Le disastrose conseguenze di un evento alluvionale accaduto in Lombardia nella provincia di Brescia sono oggetto della pronuncia 27 ottobre 2011, n. 22479 della Cassazione.
Il proprietario di un locale, sito in un paesino del Bresciano, citò in giudizio l’Amministratore del Condominio chiedendo il risarcimento dei danni causati dal debordo dalla strada, nel locale di sua proprietà di acque piovane cadute in rilevanti quantità.
Il locale subì ingenti danni, tali da costringere il proprietario ad un rifacimento dello stesso e stessa sorte toccò al mobilio ivi contenuto. Secondo l’Amministratore i danni erano imputabili al Comune, dovuti, a suo parere, alla mancata manutenzione del tombino, infatti la “fuoriuscita imponente dell’acqua dal tombino ne era la prova evidente”.
Nel giudizio di primo grado, il Comune, tra le molteplici motivazioni che avrebbero dovuto esentarlo da ogni addebito, incluse anche l’esimente del caso fortuito, adducendo il fatto che il danno sarebbe stato prodotto da eccezionali quantitativi di pioggia caduti nell’arco di 24-36 ore.
Il Tribunale di Brescia, quindi, dando ragione alle difese dell’Ente coinvolto, rigetta la domanda di risarcimento del proprietario del locale, il quale però, non scoraggiatosi per la suddetta sentenza, investì la corte d’Appello del successivo grado di giudizio.
In appello, la corte riformò la decisione di primo grado e stabilì la responsabilità del Comune evidenziando due elementi: “il nesso causale fra la fuoriuscita dell’acqua dal tombino (cosa in custodia del Comune) e l’allagamento” e la mancata dimostrazione, proprio da parte del Comune, “del caso fortuito”. Condannò l’Ente al pagamento dei danni occorsi al proprietario del locale.
Il Comune presenta ricorso in cassazione, per dimostrare la correttezza della propria azione e per evitare, quindi, le responsabilità per l’allagamento "incriminato". Secondo il Comune la manutenzione dei tombini era stata effettuata a regola d’arte, nessuna richiesta risarcimento a carico dell’amministrazione comunale poteva trovare fondamento.
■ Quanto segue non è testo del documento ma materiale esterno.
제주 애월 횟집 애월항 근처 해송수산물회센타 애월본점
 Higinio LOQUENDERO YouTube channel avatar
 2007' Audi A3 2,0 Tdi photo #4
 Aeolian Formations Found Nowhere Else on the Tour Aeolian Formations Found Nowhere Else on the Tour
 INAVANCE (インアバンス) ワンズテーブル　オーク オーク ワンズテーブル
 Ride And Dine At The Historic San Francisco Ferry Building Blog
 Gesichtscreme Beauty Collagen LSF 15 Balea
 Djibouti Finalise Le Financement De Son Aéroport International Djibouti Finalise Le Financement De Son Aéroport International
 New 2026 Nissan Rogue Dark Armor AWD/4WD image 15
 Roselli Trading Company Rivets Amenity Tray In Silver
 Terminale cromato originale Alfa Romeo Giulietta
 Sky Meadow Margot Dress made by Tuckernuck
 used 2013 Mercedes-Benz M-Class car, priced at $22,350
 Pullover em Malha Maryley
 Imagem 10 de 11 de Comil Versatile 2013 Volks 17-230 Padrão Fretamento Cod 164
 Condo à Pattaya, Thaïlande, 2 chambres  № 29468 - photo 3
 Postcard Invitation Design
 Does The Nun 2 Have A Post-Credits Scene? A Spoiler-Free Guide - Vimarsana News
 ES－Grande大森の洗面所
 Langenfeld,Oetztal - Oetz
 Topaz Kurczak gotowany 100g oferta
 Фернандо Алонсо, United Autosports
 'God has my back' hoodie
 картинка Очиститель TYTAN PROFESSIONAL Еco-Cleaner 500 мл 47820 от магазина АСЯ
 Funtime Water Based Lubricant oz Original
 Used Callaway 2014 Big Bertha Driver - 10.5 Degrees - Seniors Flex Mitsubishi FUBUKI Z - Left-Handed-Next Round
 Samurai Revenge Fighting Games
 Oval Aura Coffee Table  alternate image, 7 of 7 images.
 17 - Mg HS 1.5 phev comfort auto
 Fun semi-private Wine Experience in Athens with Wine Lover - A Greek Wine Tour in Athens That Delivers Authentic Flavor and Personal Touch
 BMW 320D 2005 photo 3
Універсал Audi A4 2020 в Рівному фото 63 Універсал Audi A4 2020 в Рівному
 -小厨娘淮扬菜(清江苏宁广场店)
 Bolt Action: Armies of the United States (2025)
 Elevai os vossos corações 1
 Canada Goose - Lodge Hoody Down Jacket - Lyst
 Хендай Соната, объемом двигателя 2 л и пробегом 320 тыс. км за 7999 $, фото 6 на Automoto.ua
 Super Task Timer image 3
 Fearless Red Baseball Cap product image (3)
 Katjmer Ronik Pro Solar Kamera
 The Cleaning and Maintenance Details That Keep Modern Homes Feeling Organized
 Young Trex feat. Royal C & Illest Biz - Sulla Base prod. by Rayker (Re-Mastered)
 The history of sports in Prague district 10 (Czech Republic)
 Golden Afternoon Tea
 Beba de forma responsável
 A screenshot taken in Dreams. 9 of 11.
Ma manca un elemento fondamentale nella motivazione del ricorso: la concretezza. Nella sentenza d’Appello viene denunciata la violazione della norma sul “danno cagionato da cosa in custodia”, in particolare è stata affermata la responsabilità del Comune visto che “l’addensamento, pur di grande violenza, dell’acqua piovana misto a detriti lungo l’area antistante il locale danneggiato ed il successivo allagamento costituivano un fatto prevedibile e tempestivamente eliminabile mediante l’adeguamento delle opere pubbliche secondo le corrette norme tecniche, onde impedire lesioni dell’altrui proprietà”.
Conseguenza logica, quindi, è il rigetto del ricorso presentato dal Comune, costretto a risarcire i danni all’assicurazione.